Those partners are white Jack Lawson and African-American Henry Brown, successful lawyers who are more concerned with winning their cases and earning fat fees than serving the truth--a concept they openly mock. Their latest prospective client is Charles Strickland, a famously wealthy white man--the source of his riches is never revealed--accused of raping a black woman. He claims the sexual encounter was consensual, and the story has enflamed the public. In the background and gradually moving to center stage is Susan, a young African-African trainee under Jack's tutelage with an agenda of her own.

As the case develops, unflinchingly honest observations of the state of race relations in America--as well as class and sexual conflicts--are batted back and forth like shuttlecocks. "Do you think black people are stupid?," Susan bluntly asks Jack. "I think all people are stupid. Blacks are not exempt," he replies just as bluntly. Political correctness takes a beating, as does affirmative action.

There are plenty of pointed and thought-provoking exchanges, and the play's structure is sound. Several casually mentioned details later take on great significance.
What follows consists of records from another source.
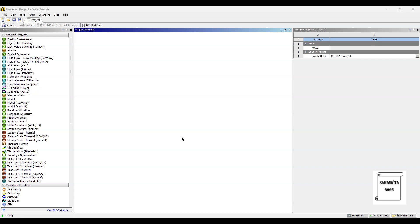Hello everyone, welcome to the next session on ANSYS Workbench Tutorials. In this session, we are going to analyze a piston ring for its thermal analysis.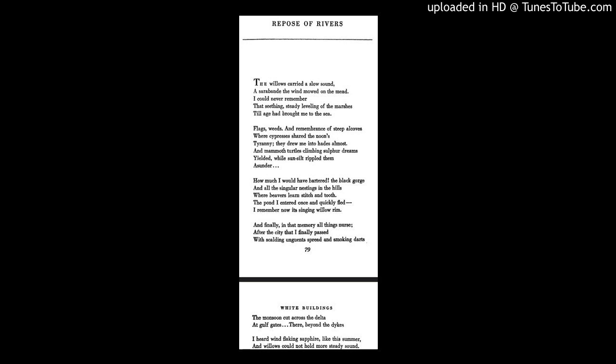There, beyond the dykes, I heard wind flaking sapphire, like this summer, and willows could not hold more steady sound.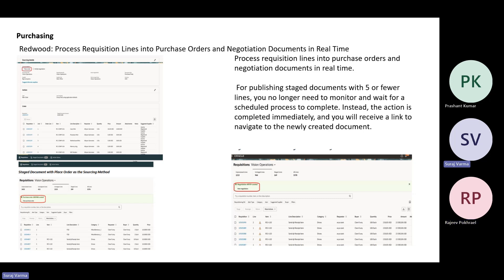The next feature as part of Redwood is processing requisition lines into purchase orders and negotiation documents in real time. Whenever the user tries processing these, they have options to either create a purchase order or initiate a negotiation. Once initiated, the purchase order or negotiation document numbers will be immediately visible. You can click on those purchase orders and negotiations and perform tasks accordingly. Earlier you had to wait until the backend scheduled process completed; now you can view them immediately.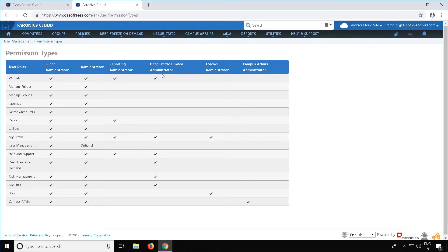A DeepFreeze Limited Administrator can access widgets, their profile, help and support, DeepFreeze on demand, task management, and can view his or her sites. A Teacher Administrator has access to change their profile and has access to the handout section. A Campus Affairs Administrator has access to managing the campus affairs in DeepFreeze Cloud.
But Mamet, who also directs with a sure hand, fails to get beyond the editorializing to create characters with whom we can identify. Such identification may not be his intention, but it makes "Race" more a political tract than a compelling drama.

The four-person cast does its level best to fill in the blanks Mamet has left. James Spader's Jack has more layers than the typical Mamet alpha male. He can butt heads with the best of them, but he's also aware of his boorishness and doesn't necessarily wish to embrace it. David Alan Grier finely tunes Henry's anger and does wonders with his daggerlike lines. Kerry Washington conveys Susan's cunning and determination with subtlety. Richard Thomas has a relatively brief role as Strickland and makes the most of it.


Presented by Jeffrey Richards, Jerry Frankel, Jam Theatricals, JK Productions, Peggy Hill and Nicholas Quinn Rosenkranz, Scott M. Delman, Terry Allen Kramer/James L. Nederlander, Swinsky Deitch, Bat-Barry Productions, Ronald Frankel, James Fuld Jr., Kathleen K. Johnson, Terry Schnuck, the Weinstein Company, Marc Frankel, Jay and Cindy Gutterman/Stewart Mercer at the Ethel Barrymore Theatre, 243 W. 47th St., NYC. Opened Dec. 6 for an open run. Tue., 7 p.m.; Wed.–Sat., 8 p.m.; Wed. and Sat., 2 p.m.; Sun., 3 p.m. (No performance Thu., Dec. 24 and 31; additional performances Sun., Dec. 27, 7 p.m., and Mon., Dec. 28, 8 p.m.) (212) 239-6200, (800) 432-7250, or www.telecharge.com
Casting by Telsey + Company.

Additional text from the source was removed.